**Aim of the exercise:**
Please transcribe the data below in full, word for word, without the images.

┌──

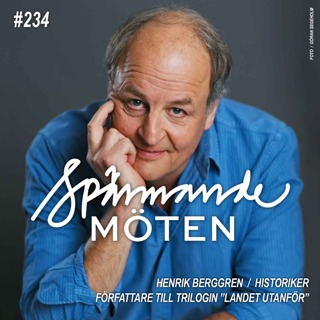 #234 Henrik Berggren, historiker, författare till trilogin "Landet utanför"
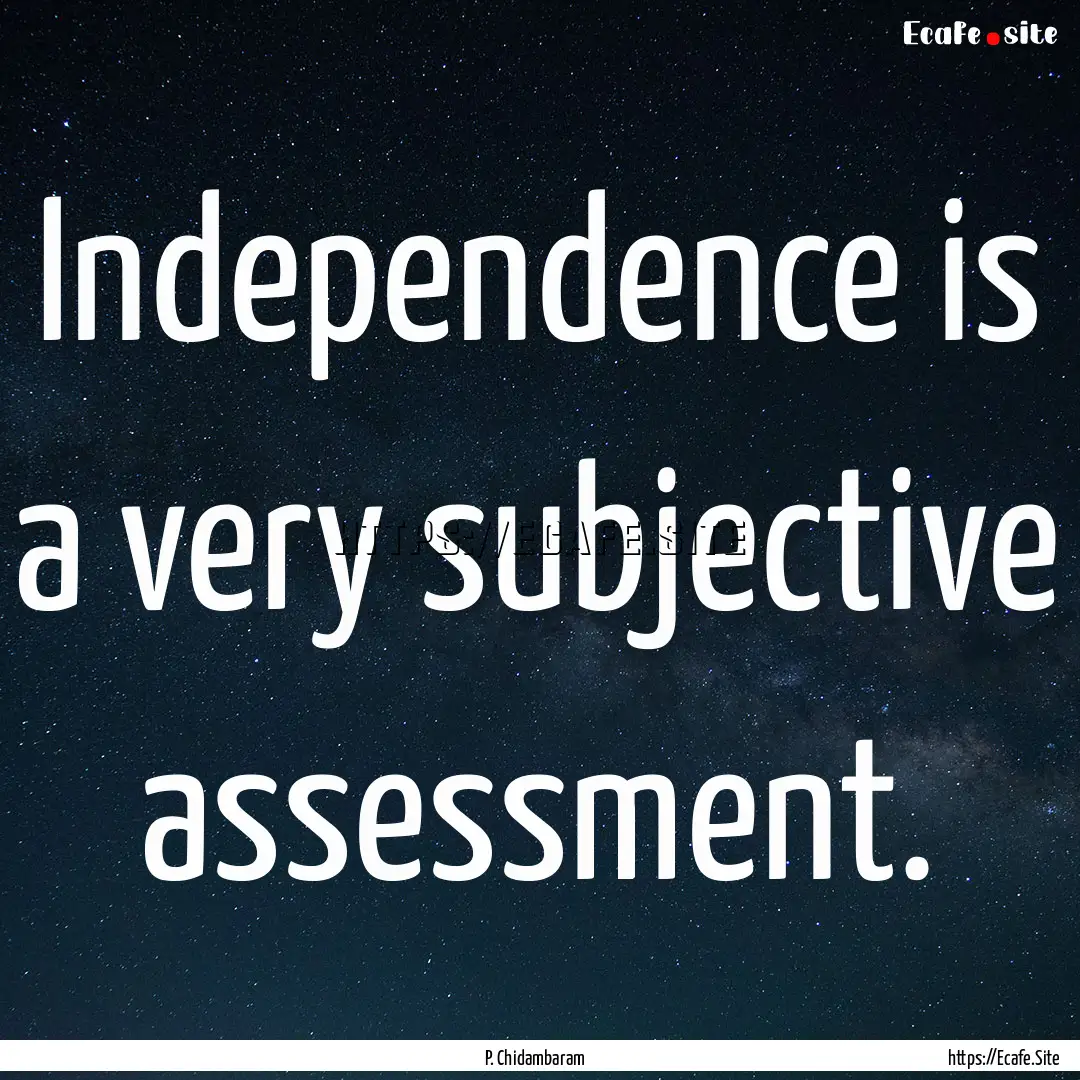 Independence is a very subjective assessment..... : Quote by P. Chidambaram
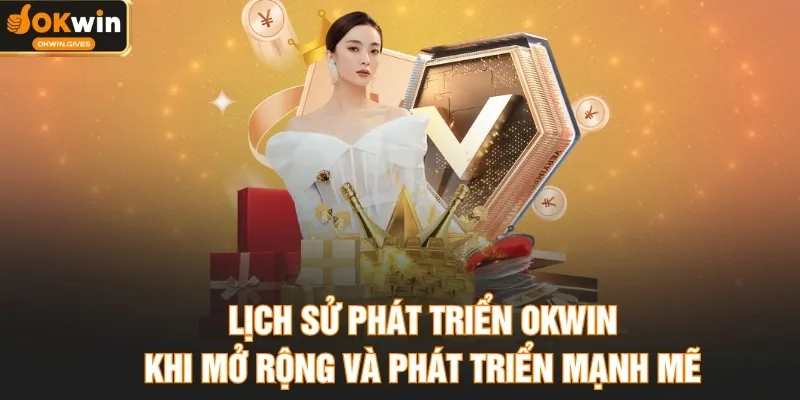 Lịch sử phát triển OKWIN khi mở rộng và phát triển mạnh mẽ
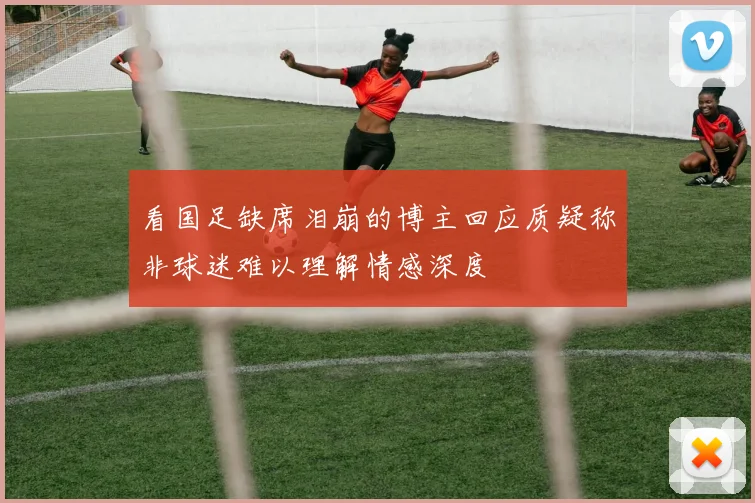 看国足缺席泪崩的博主回应质疑称非球迷难以理解情感深度
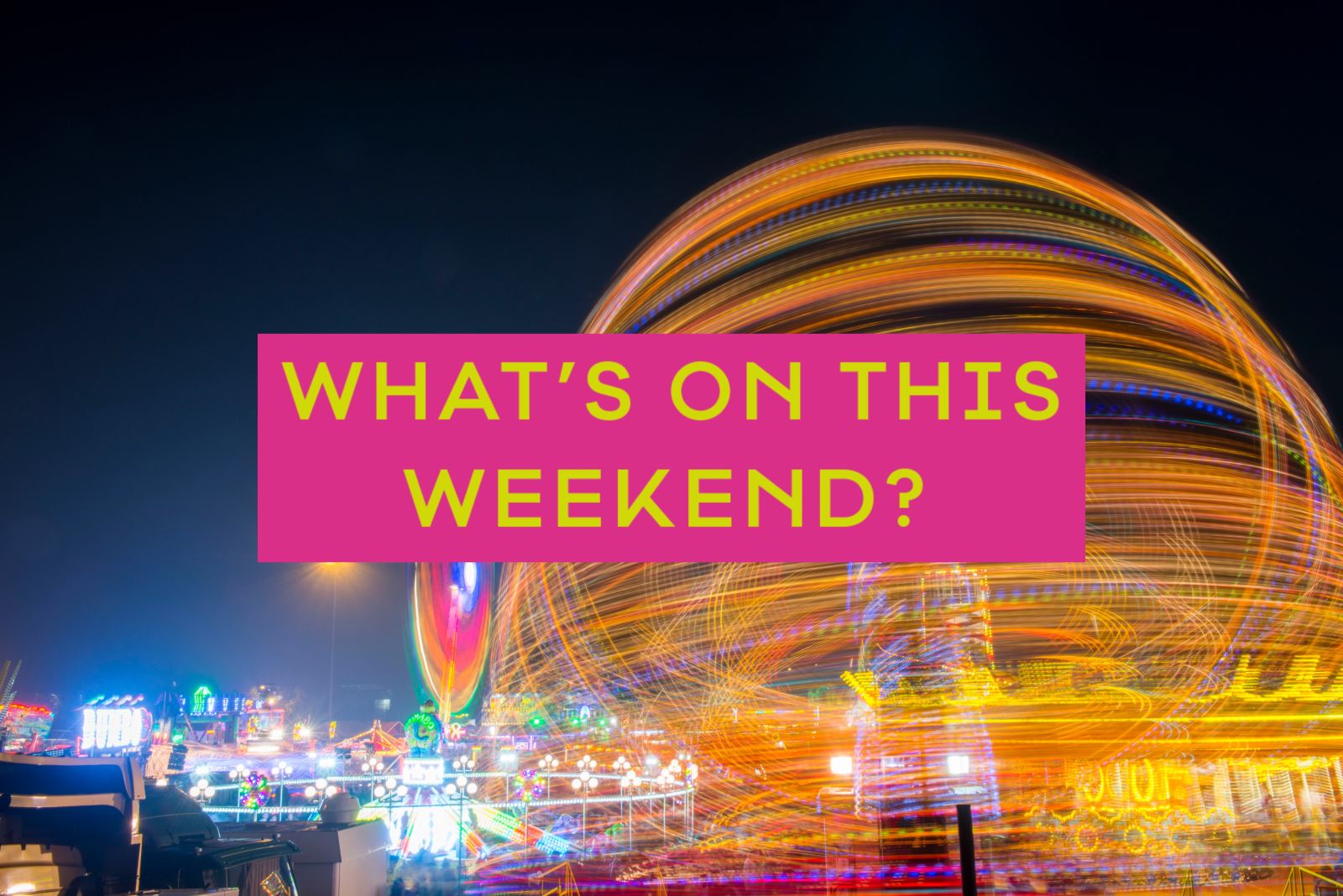 Whats On This Weekend October | Visit Nottinghamshire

└──

**Reply to the exercise:**
 #234 Henrik Berggren, historiker, författare till trilogin "Landet utanför"
 Independence is a very subjective assessment..... : Quote by P. Chidambaram
 Lịch sử phát triển OKWIN khi mở rộng và phát triển mạnh mẽ
 看国足缺席泪崩的博主回应质疑称非球迷难以理解情感深度
 Whats On This Weekend October | Visit Nottinghamshire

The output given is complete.